WHAT NEEDS TO BE DONE –
If a line in the data below contains the word "Hotel", copy it out.

Collection entries
⁂

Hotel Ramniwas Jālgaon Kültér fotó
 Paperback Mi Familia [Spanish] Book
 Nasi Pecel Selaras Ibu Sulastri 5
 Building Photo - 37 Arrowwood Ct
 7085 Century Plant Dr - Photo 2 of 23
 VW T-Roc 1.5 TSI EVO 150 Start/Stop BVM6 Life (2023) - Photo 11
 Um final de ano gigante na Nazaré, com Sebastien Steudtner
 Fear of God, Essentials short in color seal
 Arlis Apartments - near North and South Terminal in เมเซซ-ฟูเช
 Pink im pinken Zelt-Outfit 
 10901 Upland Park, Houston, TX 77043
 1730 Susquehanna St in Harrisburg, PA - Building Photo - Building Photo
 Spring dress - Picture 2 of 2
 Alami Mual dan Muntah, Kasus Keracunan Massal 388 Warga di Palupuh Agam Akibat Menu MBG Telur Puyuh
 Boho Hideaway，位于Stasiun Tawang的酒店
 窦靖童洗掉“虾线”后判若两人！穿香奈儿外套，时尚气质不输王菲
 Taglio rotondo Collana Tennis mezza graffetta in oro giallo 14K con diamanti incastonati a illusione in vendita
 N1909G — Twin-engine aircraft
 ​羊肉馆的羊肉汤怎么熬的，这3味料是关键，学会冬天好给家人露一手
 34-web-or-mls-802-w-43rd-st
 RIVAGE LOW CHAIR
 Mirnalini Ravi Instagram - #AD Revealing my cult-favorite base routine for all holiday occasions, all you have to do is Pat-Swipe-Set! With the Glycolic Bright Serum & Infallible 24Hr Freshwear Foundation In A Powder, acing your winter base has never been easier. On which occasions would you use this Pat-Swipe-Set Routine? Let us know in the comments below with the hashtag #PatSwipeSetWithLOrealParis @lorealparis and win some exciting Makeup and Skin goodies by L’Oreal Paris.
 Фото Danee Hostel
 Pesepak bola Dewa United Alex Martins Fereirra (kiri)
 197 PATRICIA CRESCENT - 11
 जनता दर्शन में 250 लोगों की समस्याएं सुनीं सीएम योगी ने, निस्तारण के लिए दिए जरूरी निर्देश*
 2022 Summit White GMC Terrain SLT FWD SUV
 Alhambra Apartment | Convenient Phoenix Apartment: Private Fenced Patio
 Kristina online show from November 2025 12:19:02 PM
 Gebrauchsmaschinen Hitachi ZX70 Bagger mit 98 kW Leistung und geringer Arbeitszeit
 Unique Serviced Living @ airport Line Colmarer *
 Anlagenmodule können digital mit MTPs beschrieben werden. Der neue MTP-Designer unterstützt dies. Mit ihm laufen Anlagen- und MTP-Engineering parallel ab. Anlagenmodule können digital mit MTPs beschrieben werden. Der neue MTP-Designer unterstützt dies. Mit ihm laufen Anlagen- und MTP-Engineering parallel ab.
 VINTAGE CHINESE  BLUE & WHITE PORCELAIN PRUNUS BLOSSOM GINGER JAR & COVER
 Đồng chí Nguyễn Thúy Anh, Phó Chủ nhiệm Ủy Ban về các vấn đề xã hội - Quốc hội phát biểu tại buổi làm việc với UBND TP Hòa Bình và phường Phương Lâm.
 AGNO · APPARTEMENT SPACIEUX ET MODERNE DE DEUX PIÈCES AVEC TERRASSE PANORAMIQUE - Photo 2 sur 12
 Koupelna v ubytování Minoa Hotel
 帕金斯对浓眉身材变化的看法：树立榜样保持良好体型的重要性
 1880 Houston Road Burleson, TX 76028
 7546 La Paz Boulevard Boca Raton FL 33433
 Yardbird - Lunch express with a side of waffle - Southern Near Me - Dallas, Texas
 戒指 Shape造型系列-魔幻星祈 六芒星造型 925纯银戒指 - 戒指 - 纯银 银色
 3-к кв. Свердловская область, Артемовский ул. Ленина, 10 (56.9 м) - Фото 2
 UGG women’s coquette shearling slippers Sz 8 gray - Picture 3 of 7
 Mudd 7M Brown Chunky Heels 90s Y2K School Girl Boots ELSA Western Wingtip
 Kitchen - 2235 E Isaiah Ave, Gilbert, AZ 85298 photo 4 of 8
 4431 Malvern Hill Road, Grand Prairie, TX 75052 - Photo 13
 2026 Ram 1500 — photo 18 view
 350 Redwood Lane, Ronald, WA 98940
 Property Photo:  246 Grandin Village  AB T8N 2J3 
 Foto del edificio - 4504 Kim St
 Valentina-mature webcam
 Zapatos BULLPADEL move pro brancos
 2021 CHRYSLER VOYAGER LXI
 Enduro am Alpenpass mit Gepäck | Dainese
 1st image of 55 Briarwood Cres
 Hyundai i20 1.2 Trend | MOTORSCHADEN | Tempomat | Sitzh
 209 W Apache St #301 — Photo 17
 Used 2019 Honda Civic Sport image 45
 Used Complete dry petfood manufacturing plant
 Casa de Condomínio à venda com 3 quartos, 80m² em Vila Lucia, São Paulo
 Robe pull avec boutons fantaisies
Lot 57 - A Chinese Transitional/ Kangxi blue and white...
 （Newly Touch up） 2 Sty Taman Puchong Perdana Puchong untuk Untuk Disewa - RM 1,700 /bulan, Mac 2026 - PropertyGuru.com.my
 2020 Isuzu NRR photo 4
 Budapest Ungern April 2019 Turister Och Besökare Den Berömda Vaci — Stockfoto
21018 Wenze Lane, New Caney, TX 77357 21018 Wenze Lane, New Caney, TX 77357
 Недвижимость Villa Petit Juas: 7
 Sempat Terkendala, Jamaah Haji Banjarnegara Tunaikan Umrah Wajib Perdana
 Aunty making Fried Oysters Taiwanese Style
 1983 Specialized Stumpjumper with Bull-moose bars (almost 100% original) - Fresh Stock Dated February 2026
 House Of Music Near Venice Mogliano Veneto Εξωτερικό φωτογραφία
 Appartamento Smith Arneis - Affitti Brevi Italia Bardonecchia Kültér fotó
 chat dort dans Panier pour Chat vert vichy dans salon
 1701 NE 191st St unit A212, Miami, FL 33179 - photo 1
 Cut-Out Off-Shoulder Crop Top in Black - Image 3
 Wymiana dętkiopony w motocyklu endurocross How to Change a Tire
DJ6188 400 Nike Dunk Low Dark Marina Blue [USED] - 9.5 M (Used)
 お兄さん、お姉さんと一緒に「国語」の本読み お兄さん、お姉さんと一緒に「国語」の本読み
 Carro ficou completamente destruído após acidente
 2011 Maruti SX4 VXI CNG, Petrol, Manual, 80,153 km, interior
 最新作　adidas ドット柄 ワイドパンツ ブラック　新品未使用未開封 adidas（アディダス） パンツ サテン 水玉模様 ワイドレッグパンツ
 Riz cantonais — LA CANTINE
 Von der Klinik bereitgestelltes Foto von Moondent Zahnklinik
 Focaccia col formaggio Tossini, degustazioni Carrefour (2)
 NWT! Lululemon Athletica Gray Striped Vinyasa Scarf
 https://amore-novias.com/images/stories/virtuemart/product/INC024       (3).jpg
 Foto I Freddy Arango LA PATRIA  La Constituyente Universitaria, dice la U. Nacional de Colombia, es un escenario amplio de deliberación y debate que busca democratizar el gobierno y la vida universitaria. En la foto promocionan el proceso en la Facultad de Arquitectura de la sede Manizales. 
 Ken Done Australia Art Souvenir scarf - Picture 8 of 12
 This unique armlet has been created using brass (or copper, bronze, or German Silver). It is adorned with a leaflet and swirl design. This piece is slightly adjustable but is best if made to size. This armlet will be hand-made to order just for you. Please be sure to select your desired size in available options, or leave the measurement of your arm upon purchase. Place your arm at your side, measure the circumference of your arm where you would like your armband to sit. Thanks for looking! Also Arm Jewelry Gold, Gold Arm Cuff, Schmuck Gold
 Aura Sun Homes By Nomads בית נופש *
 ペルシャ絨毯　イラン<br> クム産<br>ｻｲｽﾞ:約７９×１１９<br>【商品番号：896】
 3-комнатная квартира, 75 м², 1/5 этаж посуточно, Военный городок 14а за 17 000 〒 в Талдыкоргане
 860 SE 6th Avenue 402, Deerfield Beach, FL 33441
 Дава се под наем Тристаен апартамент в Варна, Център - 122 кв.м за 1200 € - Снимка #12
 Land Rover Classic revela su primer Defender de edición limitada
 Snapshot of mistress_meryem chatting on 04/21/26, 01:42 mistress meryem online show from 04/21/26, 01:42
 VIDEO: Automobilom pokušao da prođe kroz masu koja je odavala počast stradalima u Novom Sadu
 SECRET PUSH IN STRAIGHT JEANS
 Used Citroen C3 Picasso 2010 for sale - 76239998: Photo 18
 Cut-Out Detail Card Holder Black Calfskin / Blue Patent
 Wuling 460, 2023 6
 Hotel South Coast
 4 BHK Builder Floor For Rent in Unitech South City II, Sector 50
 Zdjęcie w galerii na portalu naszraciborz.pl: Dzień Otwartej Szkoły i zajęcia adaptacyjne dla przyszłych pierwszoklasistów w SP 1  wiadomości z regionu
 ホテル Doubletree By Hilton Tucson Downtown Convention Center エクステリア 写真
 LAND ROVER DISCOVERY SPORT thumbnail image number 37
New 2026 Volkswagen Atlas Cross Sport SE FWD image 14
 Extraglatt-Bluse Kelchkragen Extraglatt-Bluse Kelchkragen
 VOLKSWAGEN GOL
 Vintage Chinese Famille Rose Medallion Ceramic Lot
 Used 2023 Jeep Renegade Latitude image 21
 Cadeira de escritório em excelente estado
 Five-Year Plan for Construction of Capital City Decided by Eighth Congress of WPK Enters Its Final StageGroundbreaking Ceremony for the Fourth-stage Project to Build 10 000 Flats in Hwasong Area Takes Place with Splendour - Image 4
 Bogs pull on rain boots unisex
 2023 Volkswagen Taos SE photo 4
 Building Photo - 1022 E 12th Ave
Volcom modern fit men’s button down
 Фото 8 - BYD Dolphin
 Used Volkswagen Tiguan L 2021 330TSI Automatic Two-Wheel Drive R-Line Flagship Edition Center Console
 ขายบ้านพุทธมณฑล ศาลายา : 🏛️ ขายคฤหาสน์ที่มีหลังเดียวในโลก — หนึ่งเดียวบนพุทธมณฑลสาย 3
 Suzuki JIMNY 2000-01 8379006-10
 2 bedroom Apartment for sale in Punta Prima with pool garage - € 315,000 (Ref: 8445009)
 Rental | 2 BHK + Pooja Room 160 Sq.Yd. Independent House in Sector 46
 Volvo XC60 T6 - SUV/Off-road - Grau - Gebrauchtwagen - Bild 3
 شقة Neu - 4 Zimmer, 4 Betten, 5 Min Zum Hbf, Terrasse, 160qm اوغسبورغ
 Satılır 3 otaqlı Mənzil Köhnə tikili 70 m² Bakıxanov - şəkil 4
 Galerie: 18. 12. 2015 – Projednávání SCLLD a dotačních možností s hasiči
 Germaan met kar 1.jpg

⁂

RESULT –
Hotel Ramniwas Jālgaon Kültér fotó
 Koupelna v ubytování Minoa Hotel
 Hotel South Coast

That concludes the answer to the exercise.